Kapolda Lampung Irjen Pol Helmy Santika turut memberikan apresiasi tinggi. Ia menilai, aksi damai ini menjadi bukti bahwa kerja sama antara aparat keamanan dan masyarakat bisa menciptakan suasana kondusif. “Berkat kerja sama semua pihak, penyampaian pendapat berjalan aman, tertib, dan damai. Situasi seperti ini harus terus kita jaga,” ujarnya di sela pengamanan.
Sejumlah perwakilan mahasiswa diberi kesempatan menyampaikan aspirasi secara langsung di hadapan jajaran Forkopimda. Mereka menuntut pemerintah pusat segera mengesahkan Undang-Undang Perampasan Aset, melaksanakan reformasi di tubuh kepolisian, serta meningkatkan kesejahteraan tenaga pendidik. Selain itu, isu mengenai kasus hukum yang menimpa Affan Kurniawan turut menjadi sorotan. Para mahasiswa juga menolak kebijakan efisiensi di sektor pendidikan dan kesehatan yang dianggap mengurangi hak rakyat, serta menyuarakan penolakan terhadap RKUHAP.

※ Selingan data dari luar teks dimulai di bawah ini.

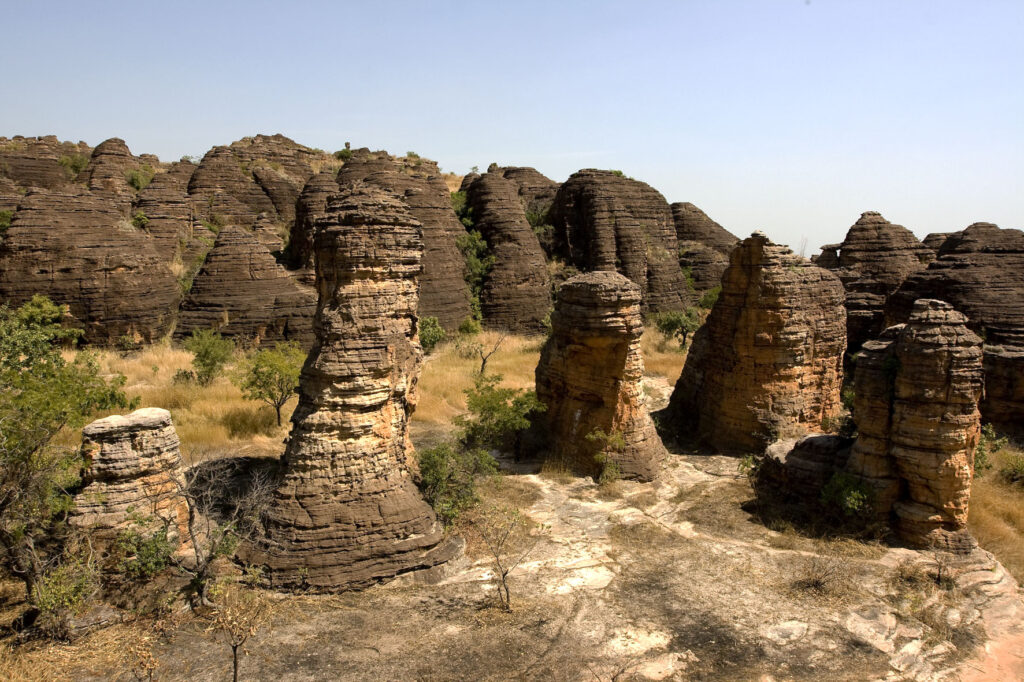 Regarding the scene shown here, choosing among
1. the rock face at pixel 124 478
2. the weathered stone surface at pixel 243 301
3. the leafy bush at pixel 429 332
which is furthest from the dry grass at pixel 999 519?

Tidak hanya itu, desakan mengenai reforma agraria juga menggema. Massa meminta agar distribusi lahan untuk petani di Lampung dilakukan lebih adil dan berpihak kepada masyarakat kecil. Menurut mereka, tanah bukan hanya soal kepemilikan, tetapi juga menyangkut masa depan ketahanan pangan dan kesejahteraan desa.
Meski jumlah massa mencapai ribuan, suasana tetap terkendali hingga akhir acara. Hal ini semakin memperlihatkan bahwa generasi muda Lampung, bersama masyarakat dari berbagai latar belakang, mampu menyuarakan aspirasi tanpa mengorbankan ketertiban. Aspirasi yang digemakan merupakan bentuk cinta pada daerah, sekaligus komitmen menjaga demokrasi tetap sehat.
Kondisi di Lampung ini kontras dengan demonstrasi di sejumlah daerah lain di Indonesia yang terkadang berujung ricuh. Lampung justru tampil berbeda: demokrasi dijalankan dengan damai, tanpa bentrokan fisik. Bagi mahasiswa dan masyarakat, momen ini menjadi pembuktian bahwa kritik dan tuntutan bisa disampaikan secara bermartabat. Sementara bagi aparat keamanan, aksi ini menunjukkan bahwa pendekatan persuasif jauh lebih efektif dibanding langkah represif.
Aksi yang berlangsung hingga menjelang sore itu ditutup dengan pembacaan pernyataan sikap dari perwakilan mahasiswa. Setelah tuntutan diterima oleh pihak DPRD dan Forkopimda, massa perlahan membubarkan diri. Tak lama berselang, hujan deras mengguyur Kota Bandarlampung. Hujan itu seolah menjadi simbol kesejukan, menutup rangkaian demonstrasi dengan damai.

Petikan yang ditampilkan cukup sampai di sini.